En medio de la vorágine de las negociaciones, las entrevistas y los inciertos cortoplazos, me escapé tres días a Marruecos. Insólito hasta para mí. Tenía una cita cerrada hace más de un año para participar en el encuentro de celebración del cincuentenario de Souffles, una revista de poesía y política sobre la que hace algún tiempo me dediqué a investigar.

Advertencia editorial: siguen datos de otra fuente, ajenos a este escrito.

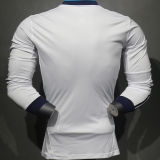 2012/13 RM Home Retro Long Sleeve Player Version Jersey 球员版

Antes de irme, no quería irme. Me decía un amigo que era como la rana de la fábula, que metida en una olla de agua que se va calentando progresivamente, cuando hierve ya está tan cómoda dentro de la sopa burbujeante que ni aunque se esté escaldando quiere salir. Me parecía dramático alejarme de mis obligaciones siquiera por tres días.
Cuando no estamos en un lugar, nos parece que no existe. Incluso cuando estamos, nos cuesta creer que vaya a seguir existiendo (sus calles, sus vidas cruzadas, sus temporales) cuando nos hayamos ido.
Yo estaba aquí y Rabat no existía. El lugar que fue el escenario de mi vida durante un tiempo crucial era en mi cabeza una ficción o un sueño. Era jueves por la tarde y los equipos de negociación de Podemos y del PSOE se reunían para ver cómo seguir avanzando en este camino de obstáculos. Como cada día correteábamos entre cámaras y apretadas agendas, aceleradas ranas en la olla hirviendo.
Cuando, horas más tarde, esperaba el tren en la estación de Casablanca, lo que no existía eran esas mesas de negociación.